Our main goal is nonetheless to build a balanced binary tree out of sequence of N key-value pairs that may come as an input in an unknown order. When you insert a node to a treap, you should pick up a uniformly distributed random number and use it as a heap-key. Of course, at the same time you should maintain search tree property for the tree-key.

Not as complex

Hell, the insertion procedure will be complex, you think. The trick is that restrictions usually help rather than prevent. So, assume we need to insert an element [Eh,Et] (that's heap and tree keys) to a (sub)tree with a given root [Rh,Rt].

  1. Eh < Rh - since we maintain heap, our new node should be added to one of the root's subtrees. To left or to right is decided based on tree-keys Rt <=> Et comparison, since we maintain tree as well. To insert element to a proper subtree we call the same insertion procedure recursively.
  2. Eh > Rh - our new node can only be a new root then (due to heap keys). What will be its left and right subtrees? Let's assume that Et < Rt. Then the right subtree of our new node will be the former root (it can't be placed nowhere else due to heap-property), and the right subtree of the old root will remain there.

    Now, we're left with two dangling pointers (see picture B) and a subtree to split between them. But we can note that if we inserted the new node to that dangling subtree (picture C), it would be the root and its left and right children would fit the dangling pointers amazingly (picture D)! So to solve the original problem we need to solve it on a smaller tree... Smells recursive!

    This leads to a tiny split procedure that, given a treap and a Kt tree-key, splits the treap into two treaps that can be left and right subtrees of a node with tree-key Kt in a binary search tree.

If you want to delete a node from tree, you'll need merge operation that makes one treap out of something that were left and right subtrees of a node we've just erased. This merge is the opposite to split and is as simple to implement. Red-black tree deletions require twice more code than insertions.

Implementation

The implementation of insertion stuff is here. Despite I haven't participated in contests for several years, I wrote it in 30 minutes from scratch (and benchmarking code took some additional time) and I didn't even have to debug the code. Can you repeat the same for a red-black tree insertions?

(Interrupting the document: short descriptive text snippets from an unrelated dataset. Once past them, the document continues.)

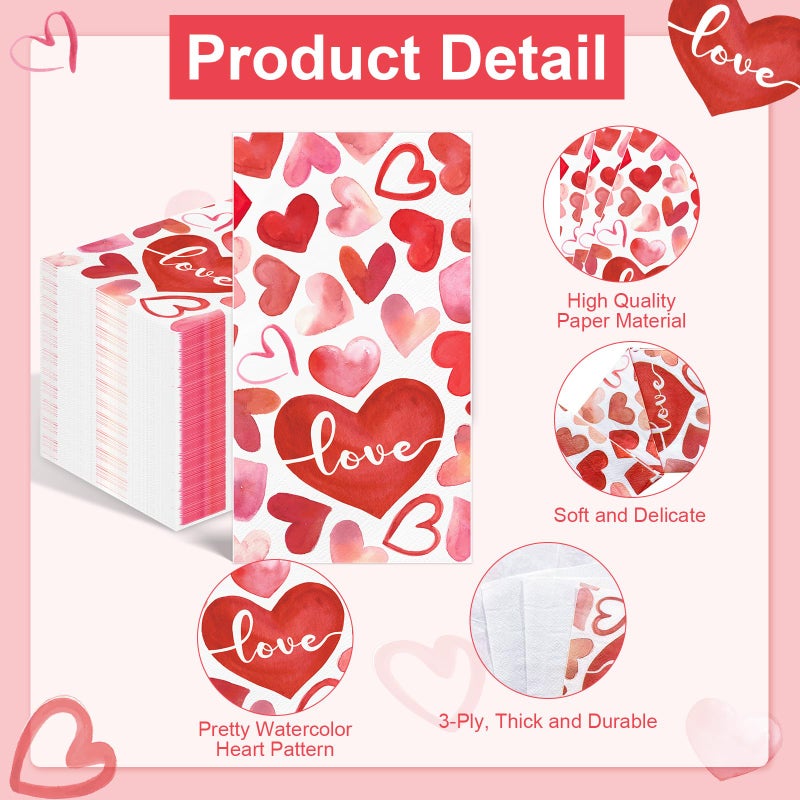 IANFEPH 100PCS Watercolor Heart Valentines Day Napkins Disposable Hand Towels for Bathroom 3 Ply Red Pink Heart Love Paper Napkins Decorative Guest Napkins for Farmhouse Valentines Day Anniversary Party  - Image 2
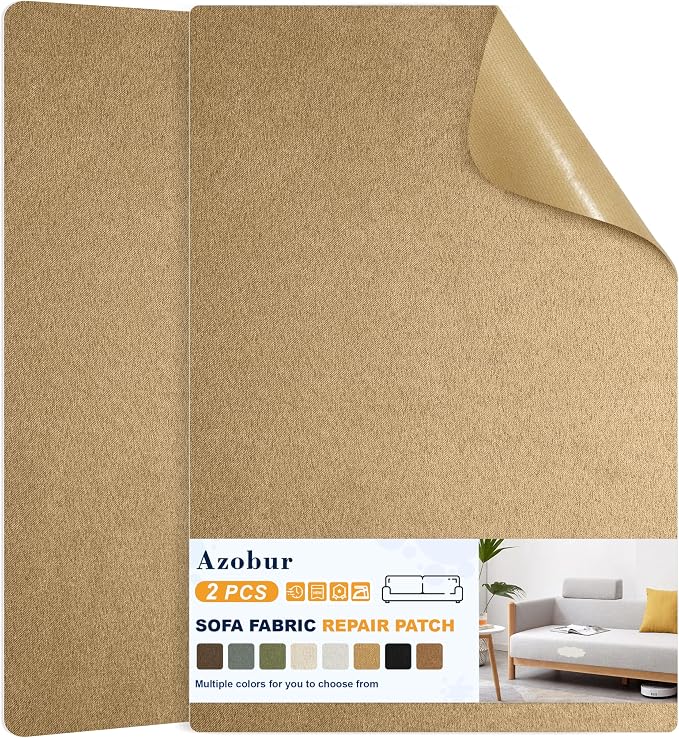 Azobur Couch Patch Repair Fabric, Microfiber Fabric, Self-Adhesive, by Azobur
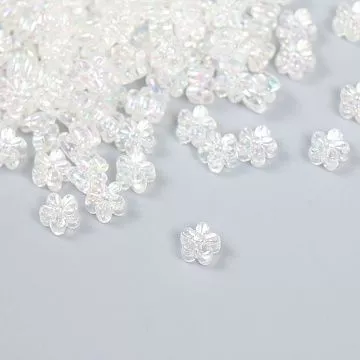 Набор акриловых украшений "Цветок. Белый перламутр", 0,7х0,7 см, 190 шт (АртУзор)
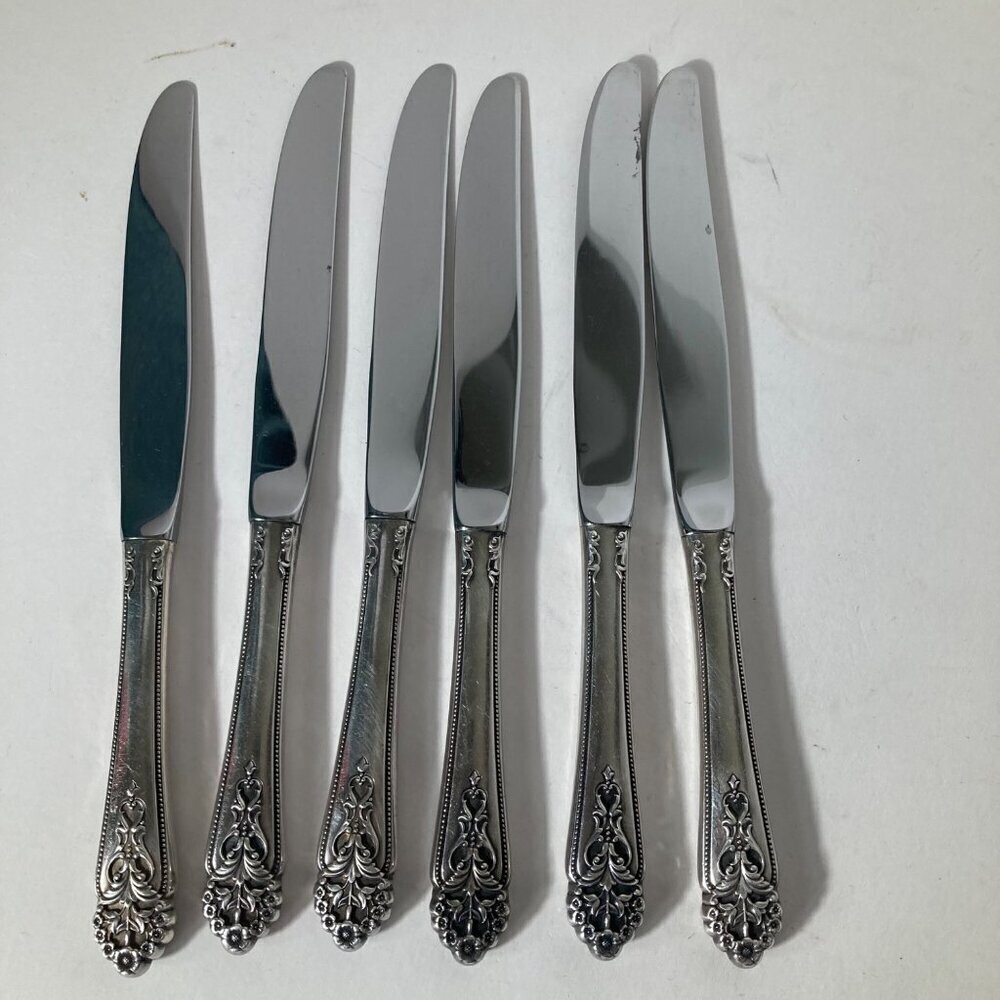 6- International Stainless Floral Pattern Butter Knives 9"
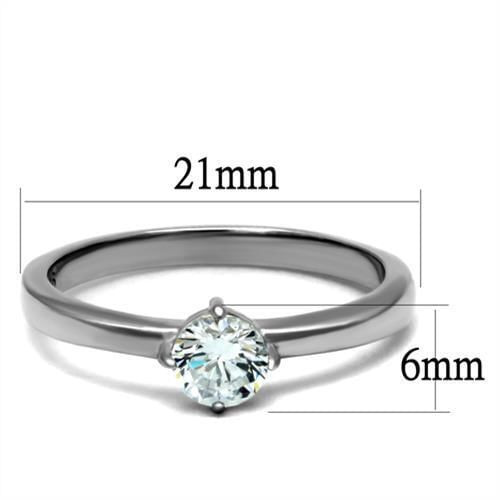 TK2903 - High polished (no plating) Stainless Steel Ring with AAA Grade CZ  in Clear A874-TK2903
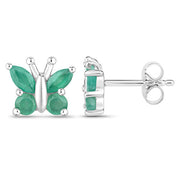 Bids.com 0.88 Carat Genuine Emerald .925 Sterling Silver Earrings Earrings White Smoke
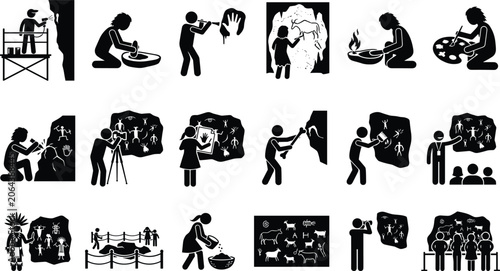 Φωτογραφία Comprehensive vector icon set illustrating prehistoric cave painting creation, a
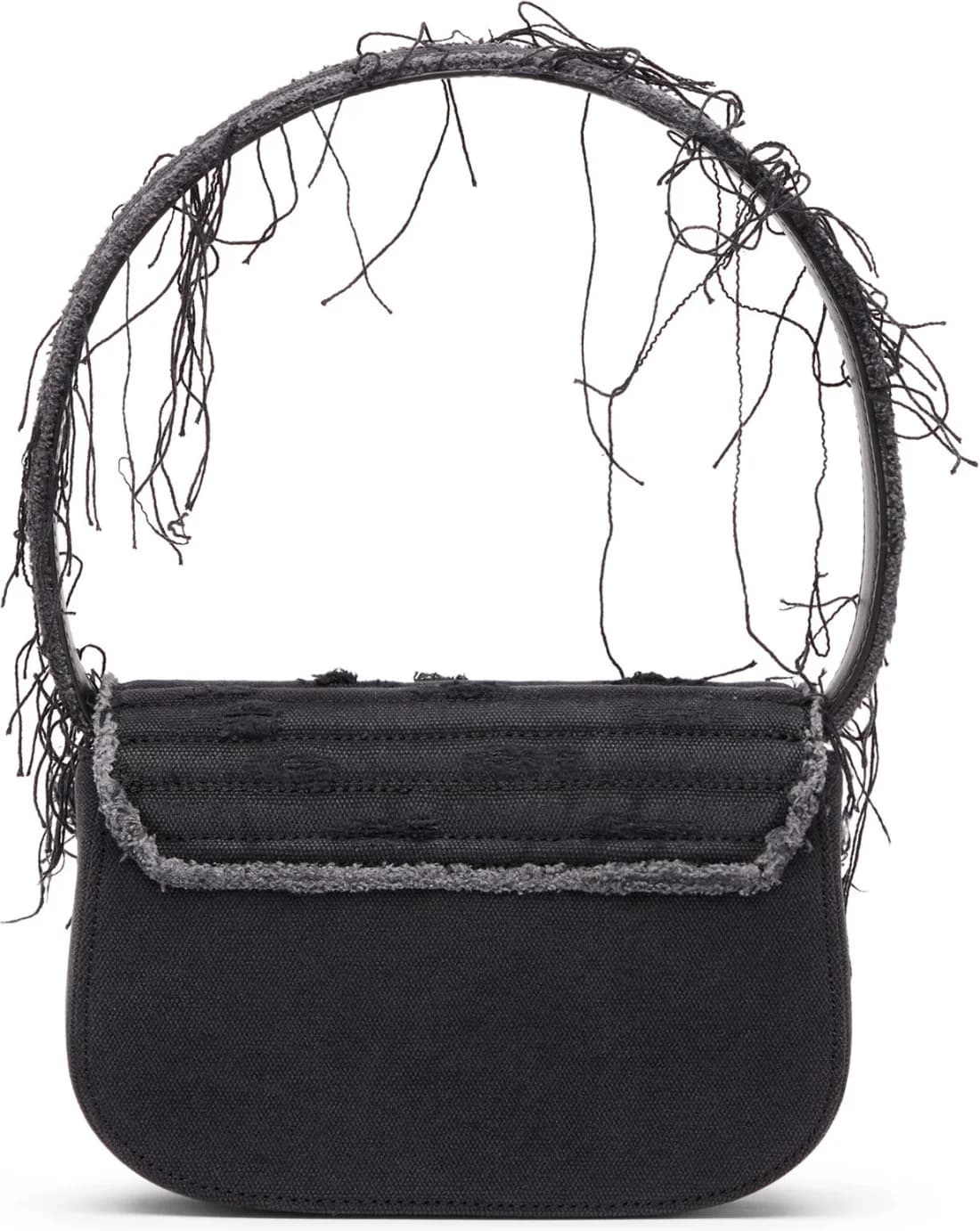 Sac à main Diesel 1DR sac iconique en toile denim noire et cuir avec bandoulière vue 2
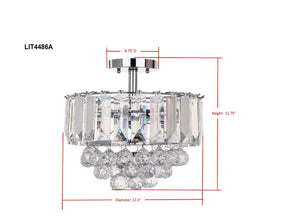 Vaxcel 3-Light Chrome Flush Mount with Acrylic Shade and Diamond-Like Crystals for Glam Spaces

Unfortunately, it's hard to tie this small implementation into OOP concept, but in programming contests it was rarely needed.

If we run the script, we'll get fairly good height result on ascending sequence (on which unbalanced trees fail badly):

pavel@lonely ~/social/blog/treap $ perl -e 'for (1..10_000_000) { print "$_ ";} print "\n"' >test_file
pavel@lonely ~/social/blog/treap $ g++ --version | head -n 1
g++ (Gentoo 4.4.2 p1.0) 4.4.2
pavel@lonely ~/social/blog/treap $ g++ treap.cpp -O2 -o treap
pavel@lonely ~/social/blog/treap $ g++ treap.cpp -O2 -o tree_STL -DSTTREE
pavel@lonely ~/social/blog/treap $ time ./treap &lt;test_file ; time ./treap &lt;test_file ; time ./tree_STL &lt;test_file
Height is 58 for RB it is 30.8499
real    0m6.545s
user    0m6.116s
sys     0m0.176s
Height is 56 for RB it is 30.8499
real    0m6.069s
user    0m5.908s
sys     0m0.160s
Height not supported :(

real    0m7.667s
user    0m7.472s
sys     0m0.188s

While height for RB-tree is about 30, height of a treap is about 50-60. You can run a series of experiments on your own and see it.

Why is it balanced?

The estimation of a height of a treap is O(log N).

The means, due to which the treap balances itself as a search tree, are Complex Math and are described in the articles linked at its Wikipedia page.

In common words, for a tree to be non-balanced not only search keys should be inserted in mostly ascending/descending order, but also the randomly generated numbers should also be arranged in the relevant order. This is unlikely. And if a heap_key is "out of sync" with unbalancing pattern, it rotates the subtree, for which it becomes a new root, so it becomes capable to absorb more "unbalancing" nodes without height increase.

Acknowledgements

Treaps were created by Cecilia R. Aragon and Raimund Seidel back in 1989.